“Guru Besar Fakultas Psikologi UGM, Prof Koentjoro marah besar setelah Koordinator Staf Khusus Presiden Ari Dwipayana menyebut gerakan kritik yang dilancarkan oleh para guru besar dan sivitas akademisi merupakan alat politik. Dalam wawancara di channel YouTube Metro TV, Prof Koentjoro mengekspresikan kemarahannya saat menjadi narasumber di program berita Metro TV.
Awalnya, Tenaga Ahli KSP Rumadi Ahmad berusaha memberikan penjelasan dan klarifikasi terkait pernyataan Ari Dwipayana yang menuduh adanya gerakan dari beberapa sivitas akademika yang terlibat dalam politik. Namun, Prof Koentjoro merasa tidak puas dan tersinggung dengan pernyataan tersebut, terutama karena Ari merupakan alumni UGM.
“Saya sangat tidak puas dan tersinggung. Ketika kami membacakan petisi Bulaksumur, saya membacakan dengan suara yang penuh kasih dari UGM, mengingatkan alumni-alumni kami,” ungkapnya seperti dilansir pada Sabtu (3/2/2024).
Lebih lanjut, Prof Koentjoro menjelaskan bahwa petisi Bulaksumur yang dibacakan beberapa waktu lalu telah dirumuskan dengan serius melibatkan banyak pihak. “Ada 250 orang yang terlibat dalam merumuskan petisi Bulaksumur di UGM, termasuk mantan dua rektor dan wakil rektor. Kami tidak main-main dalam hal ini,” jelasnya.

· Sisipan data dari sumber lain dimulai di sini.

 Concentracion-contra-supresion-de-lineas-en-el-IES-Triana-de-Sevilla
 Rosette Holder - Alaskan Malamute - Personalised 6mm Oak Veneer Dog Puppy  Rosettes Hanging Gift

Guru Besar Fakultas Hukum Universitas Padjadjaran, Prof Susi Dwi Harijanti, juga menyatakan hal yang sama. “Klarifikasi yang disampaikan oleh Pak Rumadi masih membela rekannya, padahal sudah jelas apa yang dikatakan oleh Pak Ari,” ungkapnya.
Rumadi Ahmad, Tenaga Ahli KSP, menjelaskan bahwa pernyataan Ari Dwipayana dibaca dengan konteks yang berbeda. Ia juga menegaskan bahwa pihak Istana, khususnya Presiden Jokowi, sangat menghargai apa yang disampaikan oleh para guru besar dan sivitas akademika. Namun, dengan situasi politik yang sedang panas, pihaknya harus bisa memilah mana yang merupakan suara dan mana yang merupakan kebisingan.
“Kami sangat menghargai apa yang disampaikan oleh para akademisi dan guru besar, dan kami bukan hanya mendengar, tapi juga mendengarkan. Meskipun dalam situasi seperti ini, kami harus bisa memilah mana yang merupakan suara dan mana yang merupakan kebisingan. Namun, kami yakin para akademisi ini tetap menjunjung nilai moral dan ilmu pengetahuan,” ucapnya.